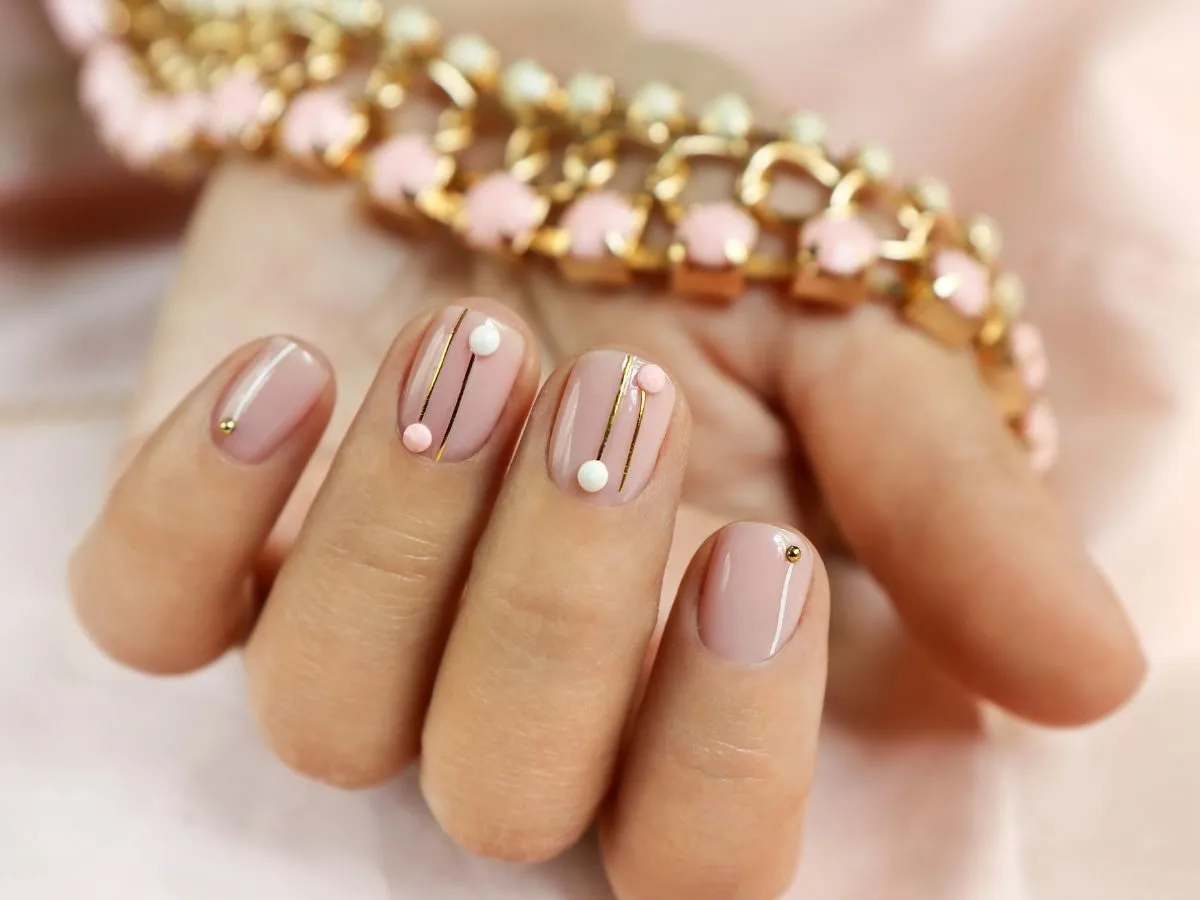 Krótkie hybrydy: Inspiracje i porady na elegancki manicure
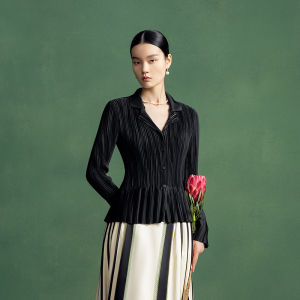 Retro Elegant 3D Pleat Blouse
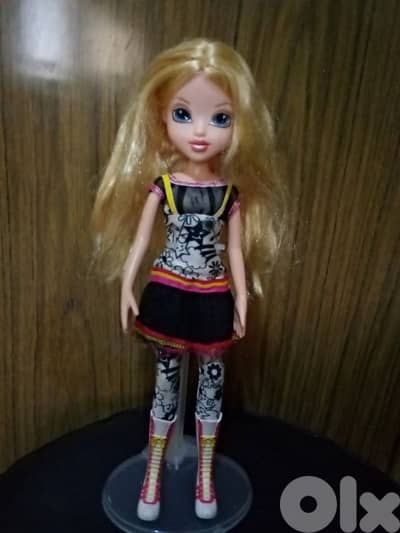 4 MOXIE GIRLZ wearing +shoes As new dolls, All 4= 88$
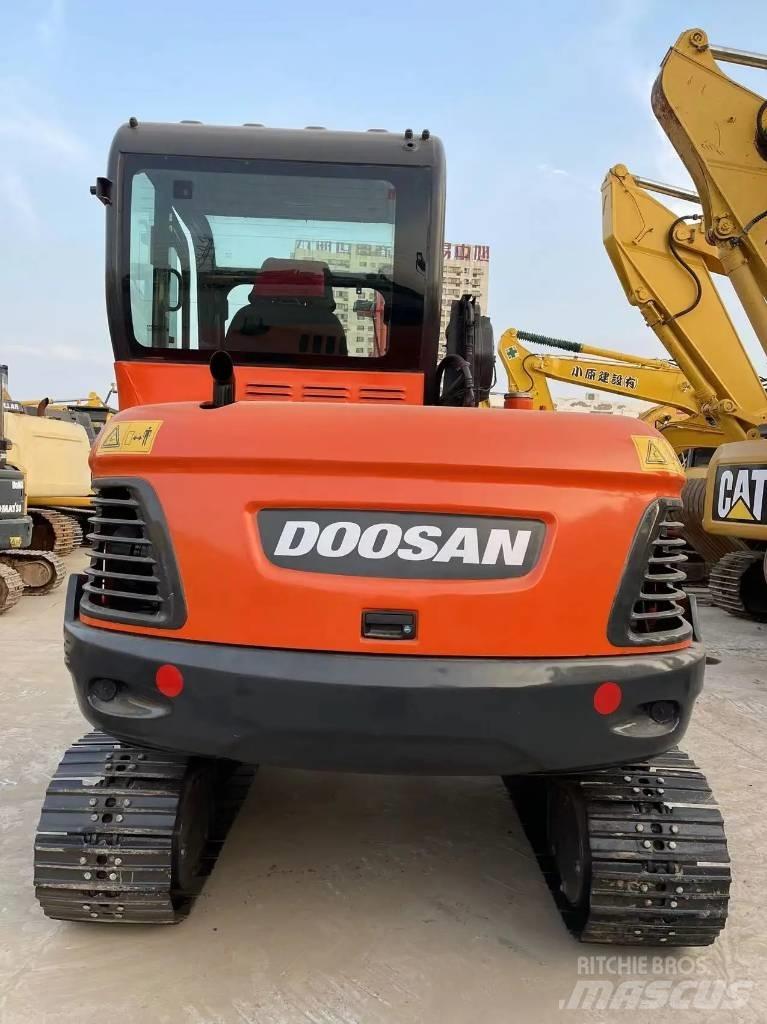 Doosan DX60 Escavadoras de rastos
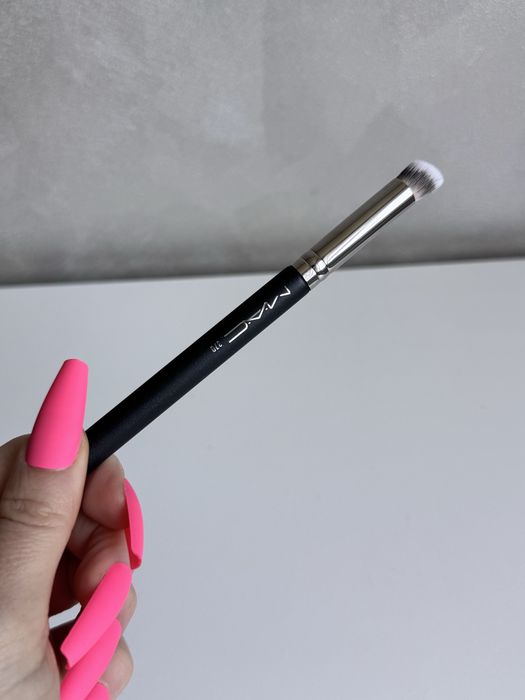 Nowy pędzel do makijażu MAC 370 do korektorów mini okrągly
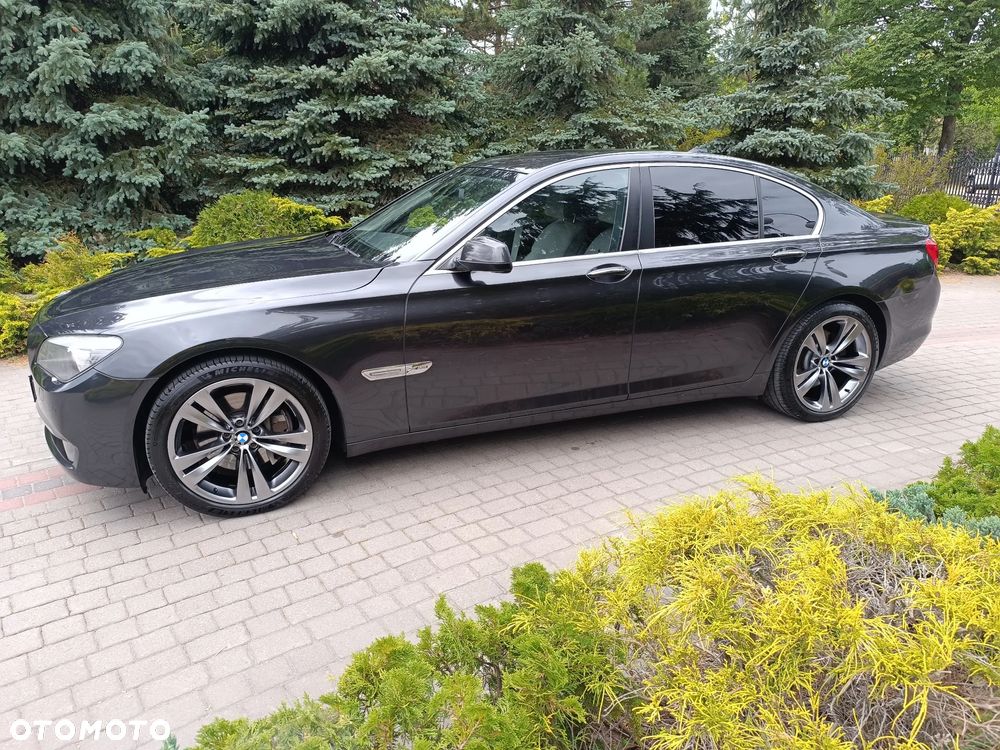 BMW Seria 7 - 2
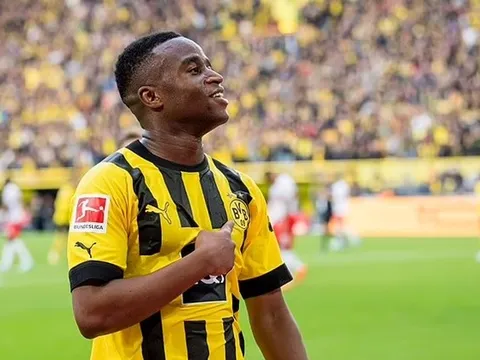 Liverpool cạnh tranh 3 ông lớn giành thần đồng Dortmund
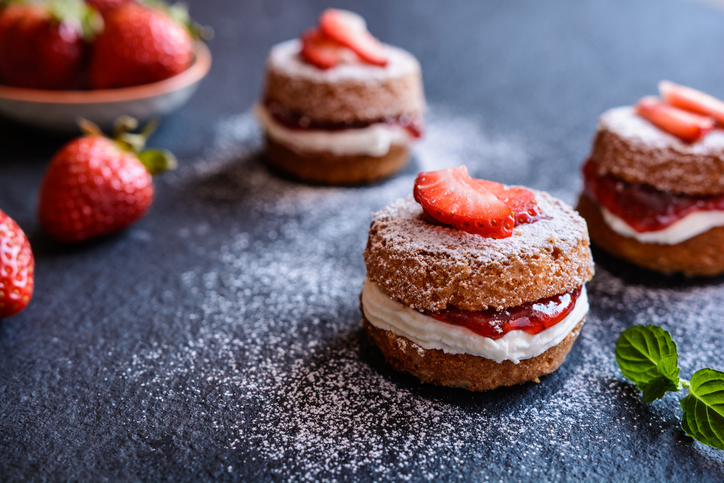 Biscotti di pasta frolla farciti alla fragola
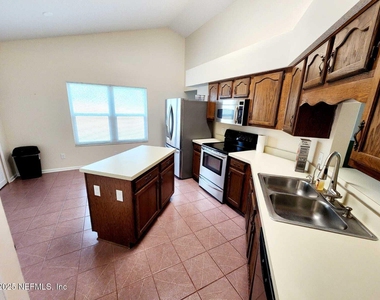 3910 Karissa Ann Place E - Photo Thumbnail 7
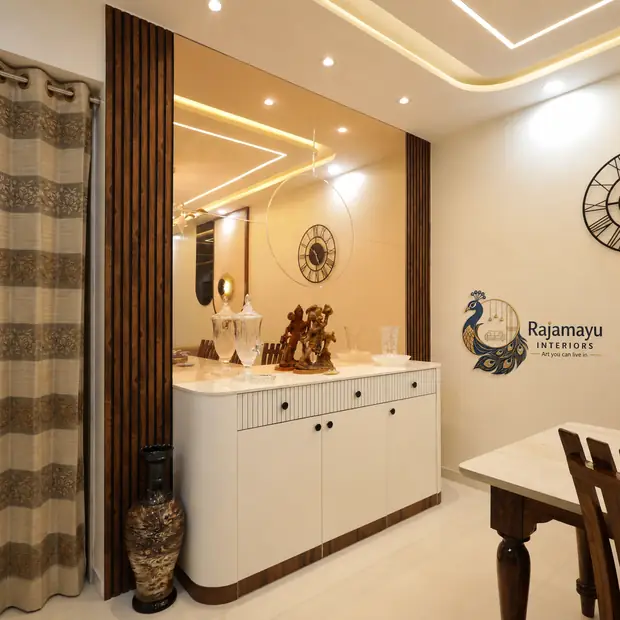 Dining with crockery and display unit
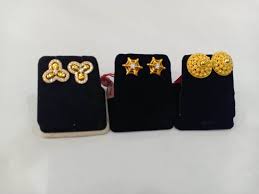 Hargacampur.com juga tetap mempersediakan penjelasan teranyar terkait dengan bermacam katalog promosi terbaru, promosi jsm terbaru, harga sepeda motor terbaru, harga tiket, harga hp terkini, harga emas 22 karat. Alhamdulillah Harga Perhiasan Emas Mulai Turun Fajar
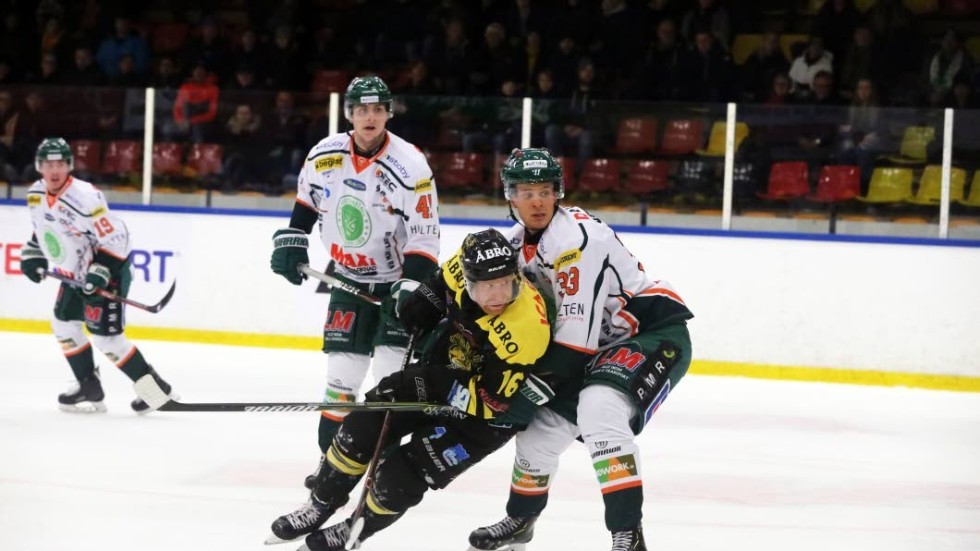 Kristianstads Christoffer Rasch tror på två raka segrar mot Vimmerby Hockey. Här försöker han stoppa VH:s Jakob Karlsson.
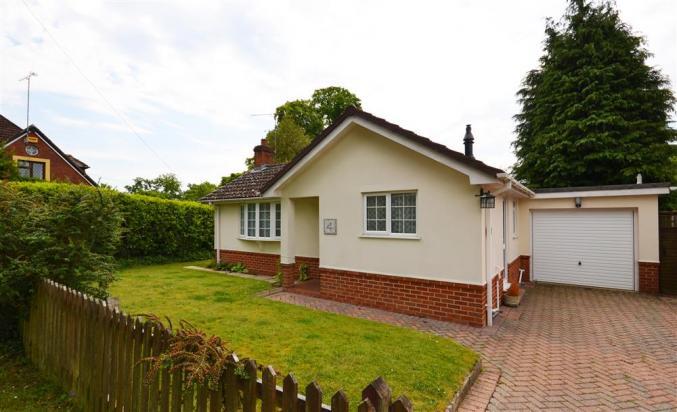 4 Copse Road a holiday cottage rental for 3 in Verwood, 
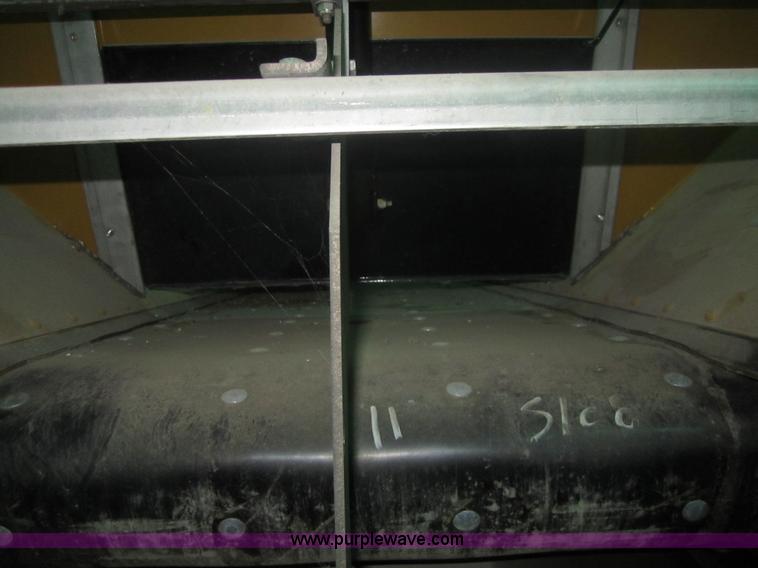 image for item 3200 Ag-Chem L3020G4 dry box spreader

****************

The result should be a transcript of the lines from the line containing "BMW Seria 7 - 2" through the end of the listing above, exact, inclusive, and without pictures.

• **Worked solution**
 BMW Seria 7 - 2
 Liverpool cạnh tranh 3 ông lớn giành thần đồng Dortmund
 Biscotti di pasta frolla farciti alla fragola
 3910 Karissa Ann Place E - Photo Thumbnail 7
 Dining with crockery and display unit
 Hargacampur.com juga tetap mempersediakan penjelasan teranyar terkait dengan bermacam katalog promosi terbaru, promosi jsm terbaru, harga sepeda motor terbaru, harga tiket, harga hp terkini, harga emas 22 karat. Alhamdulillah Harga Perhiasan Emas Mulai Turun Fajar
 Kristianstads Christoffer Rasch tror på två raka segrar mot Vimmerby Hockey. Här försöker han stoppa VH:s Jakob Karlsson.
 4 Copse Road a holiday cottage rental for 3 in Verwood, 
 image for item 3200 Ag-Chem L3020G4 dry box spreader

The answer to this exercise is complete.